インドの独立運動を戦った人物としてはもう一人、ラース・ビハーリー・ボースもいます。
この独立運動を志した、独立と戦った2人のボースは日本と関係が深いということです。

第2次 対戦後の東京裁判について

(p201)
「東京裁判に対し、インドは独自のスタンスで臨みラダ・ビノード・パール判事の名前は今でも多くの場所で取り上げられている。」

ラダ・ビノード・パール裁判は、平和に対する罪と人道に対する罪は事後法であって、国際法上の日本の戦犯に対して有罪にはできないということで無罪を言い渡した人物です。
判事はあくまで国際法的には無罪と言ったわけで、決して日本に道義的な責任がないとは主張していません。
日本の戦時指導者に対しては痛烈に批判しているという指摘もあります。

インドが日本のことを独立を支援した存在だと見ていたこと、パール判事が他の戦勝国の判事とは一線を画したということ、そしてインドが先行の戦後のサンフランシスコ講和条平和条約に参加しない独自に日本への戦後賠償請求権を放棄しているということもありますし、これは事実なわけです。
こうした、両国関係はプラスに作用するような要素が歴史的にはあるわけなんです。

日本への進言

(p199)
日本側はそれまでの安全地帯から踏み出して、アジアの現実と折り合いをつける必要がある。

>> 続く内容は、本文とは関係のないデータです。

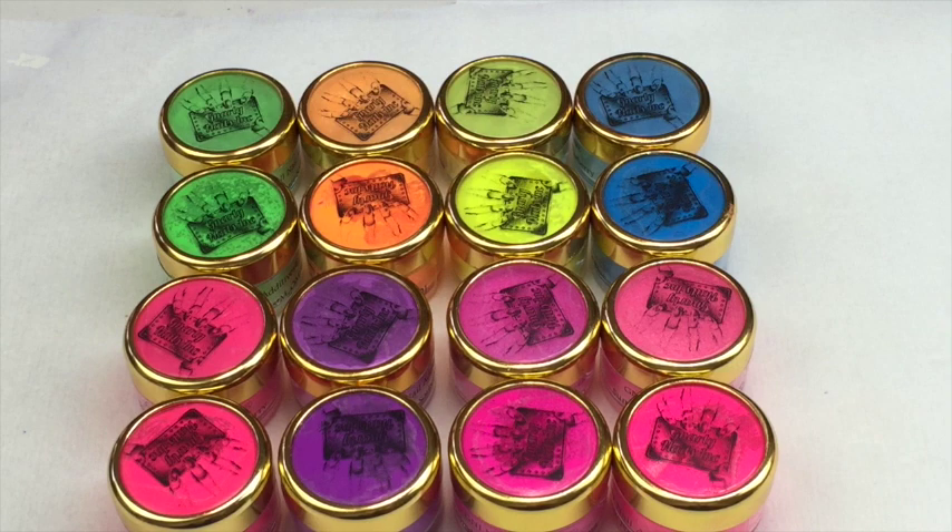If any of that was complete waffle and you got lost, I'll pop everything you need to know in the description bar - all of the product review information including the stamping plate I used, the stamper, the scraper, the stamping polish, the discounts, and the size of the pots. Plus, right at the end of the video there will be a shot of each size pot - some stock photos I can show you.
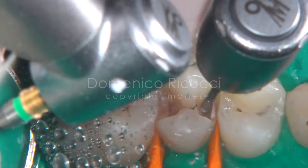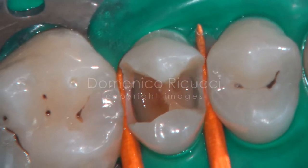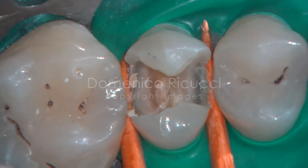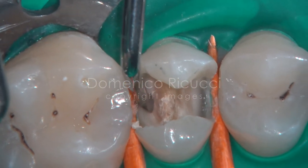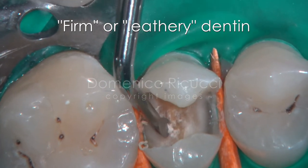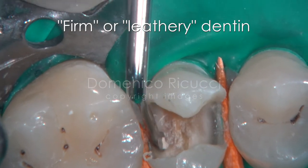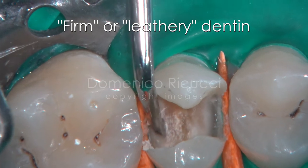Removal of carious tissue is initiated with low-speed long neck round burrs and a water spray. After removal of the large part of carious tissue, the deepest layers of softened dentin — usually referred to as firm or leathery dentin — are removed exclusively with sharp hand excavators.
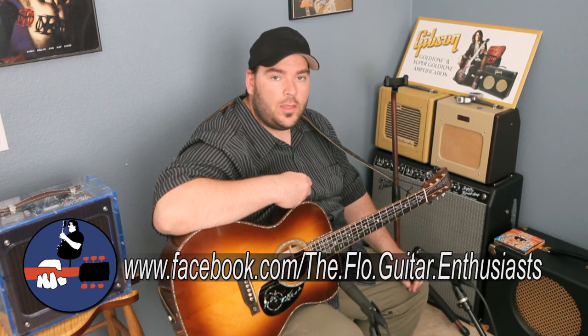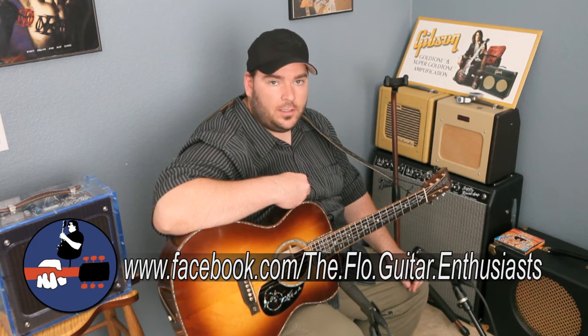And while you're at it, make sure to follow me on Twitter at Selenium, and find us on Facebook, The Flow Guitar Enthusiasts. Thanks for watching. I hope to see you next time.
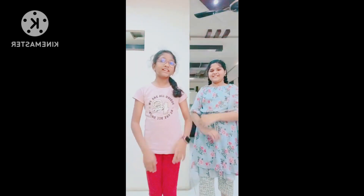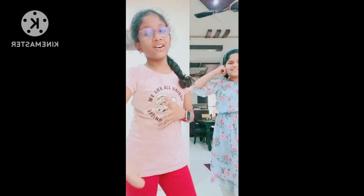Hi guys, welcome to our channel. Today we are going to do Vira. With this we can make bracelets, chains, earrings, and more. So let's go.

安全地帯が何を指すのか明確ではないけれども、おそらく今まで日本の平和主義の名のもとの外交安保政策における、ある種の事なかれ主義のようなもの、そういったものからも脱却するように求めているんじゃないかというふうに思います。


豊島氏意見について


真珠湾攻撃の下りの部分で、豊島氏は次のように解説しています。

「欧米は自由や民主主義を普遍的なストーリーを作って、それを広げていく発信していくというのが上手い面があります。
日本は若干下手。情報発信も含めて下手だとも言われるわけですが、それは今回の 福島第一原発の処理水の放出についても同じかもしれません。
あるいは、捕鯨などでもそうなのかもしれません。
科学的に正しいということをどれだけ言ってもなかなか理解されなかったり、特に中国が独裁国家で言論の自由もないですからしょうがないところもあるんですが、やはり日本をもっと情報戦においてどう戦うかというのは考えていかなきゃいけないかもしれません。
やはり道義的にどれだけ自分が正しい立場にあるのか、ということを発信する力です。
それは日本にとっても必要なのかもしれません。
また、この道義的な正しさを軽んじるという問題については、ウクライナ戦争でよくある議論です。
これはよく言われますけども、「ロシアも悪いけれどもNATOも欧米も悪いんだ」というロジックです。
このロジックに潜むような危うさもある種、重なってくるんじゃないかと思います。
現代における価値観というのは、ロシアの侵略というのは許されないものであって、ゼレンスキー大統領は「自らの道義的正当性がある」というふうにあれだけ発信するから世界からかなりの支持を得ることができてるわけです。
なのでそれが世界各国の支持、もちろん欧米が多いですけれども、ウクライナへの支持につながっている。
少なくともウクライナを表立って批判するような国はほとんどないです。
少ない極めて少ないです。
つまり、私たちはその時その時で大事にしている価値観というのは、重視しないといけない、訴えていかないといけない。
国家としてみれば、その価値を主張していくことが大事。
「道義的に正しい」という価値を主張することが重要になってくるわけです。
これは現実政治においてそうだという意味です。
最も差もなければ虚無主義的になってしまいますし、世界はカオスに陥りかねないわけです。
「侵略できる国が侵略するんだ。どっちも悪いんだ。みんな悪いんだ。」というような主張ですと、やはりカオスに陥っていくリスクもあるということです。
結局はすべての国家が国益を追求するだけの非常に殺伐とした国になって、弱い国は虐げられてしょうがないようなロジックになってしまう。
それは19世紀的な価値観に戻ってしまうわけです。
これは到底、現代においては受け入れられない価値観でもあるわけです。」

道義的に正しいことの情報発信が下手な日本だと言っています。
それは、たしかにそうなのかもしれません。
しかし、敗戦後の日本はGHQが去った後もアメリカの属国を選択し続け、国防を考えずにひたすら経済重視、金儲け重視の発展をしてきたことと関係があるのではないか。
つまり、日本の政治家は日本国民に対して真実を告げず、日米安保という名目だけの同盟を結び、先延ばしの政治をやってきた。

いつかはバレる話。
時の政権はそんなことをお構いなしに政治をし、後を引き継いだ政権も同じく国民をだまし続ける。
本当のことを政府自らが発信する前に、米国の公文書が徐々に機密解除されバレていく。
公開されているにもかかわらず説明もしない。メディアも言わない。

嘘は結局、つじつまが合わなくなります。
言い訳に言い訳を重ね、深みにはまっていく。
過去の清算をしないものだから、ロシアウクライナ戦争でも真実を見られなくなっています。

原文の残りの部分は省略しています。